Innovationen sind längst nicht mehr notwendig, um Supergewinne einzufahren, sondern immer mehr, um die Existenz der Unternehmen zu sichern. Die Globalisierung hat in den letzten Jahrzehnten zu einer radikalen Veränderung der Geschäftsmodelle geführt, weil einerseits die Verbraucher wesentlich höhere Ansprüche an die Erzeugnisse stellen und weil andererseits Länder und Unternehmen auf die Weltmärkte drängen, die noch vor kurzer Zeit niemand kannte. Die Absatzkanäle sind weltweit überfüllt, und folglich wartet niemand auf neue Anbieter.

Diese Dinge sollten auch der nüchterne Ausgangspunkt für die Anstrengungen Kasachstans zur Aktivierung seiner Industrie- und Innovationspolitik sein. Ziemlich ratlos fragen sich Politiker, teilweise heimische Geschäftsleute und ausländische Berater, warum die gutgemeinten staatlichen Innovationsprogramme kaum wirken, obwohl sie doch völlig ausreichend finanziell untersetzt sind und eine ganze Armee von Organisationen geschaffen wurde, um Kasachstan aus dem Loch der Ölabhängigkeit herauszuholen. Die Antwort auf diese Frage enthält einige weniger schwere und einige ziemlich schwere Antworten, wenn man sie aus der Sicht praktischer Realisierbarkeit der staatlichen Innovationspolitik sieht.
Zu den relativ leichteren Antworten gehört z. B. die Aussage, dass es für Investoren letztlich darum geht, ihr angelegtes Kapital zu erhalten und zu vermehren. Das ist eben bis auf weiteres im Rohstoffsektor nicht nur relativ einfacher, sondern auch wesentlich sicherer, als im risikobelasteten Innovationsbereich.

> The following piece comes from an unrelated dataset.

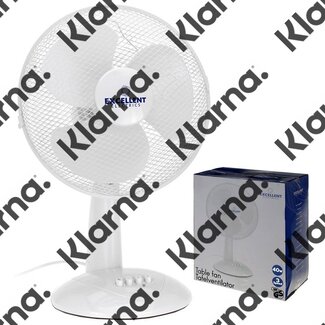 Excellent Electrics Ventilator tafelmodel wit 30cm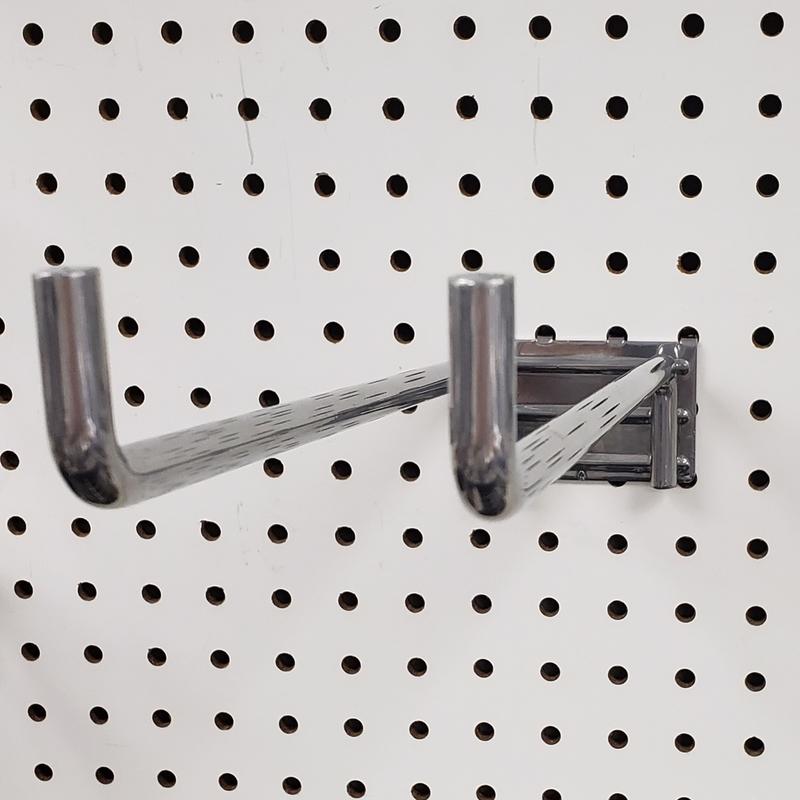 12 in. 375 Silver Metal Double Arm Heavy Duty Utility Display Hooks Peg Hook 5 pk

Zu den mittelschweren Antworten gehört die Aussage, dass Kasachstan in den Innovationsbereichen, von denen die staatlichen Stellen einen Innovationsdurchbruch erwarten, kaum Traditionen und die notwenige Wissensbasis haben. Dazu gehören solche Bereiche, wie die Biotechnologie, die Nanotechnologie, die Robotertechnik, die Wasserstofftechnologie und andere. Sicher kann man versuchen, die Grundlagen für diese Bereiche zu schaffen, doch das dauert, und die Konkurrenz marschiert in der Zwischenzeit kräftig weiter.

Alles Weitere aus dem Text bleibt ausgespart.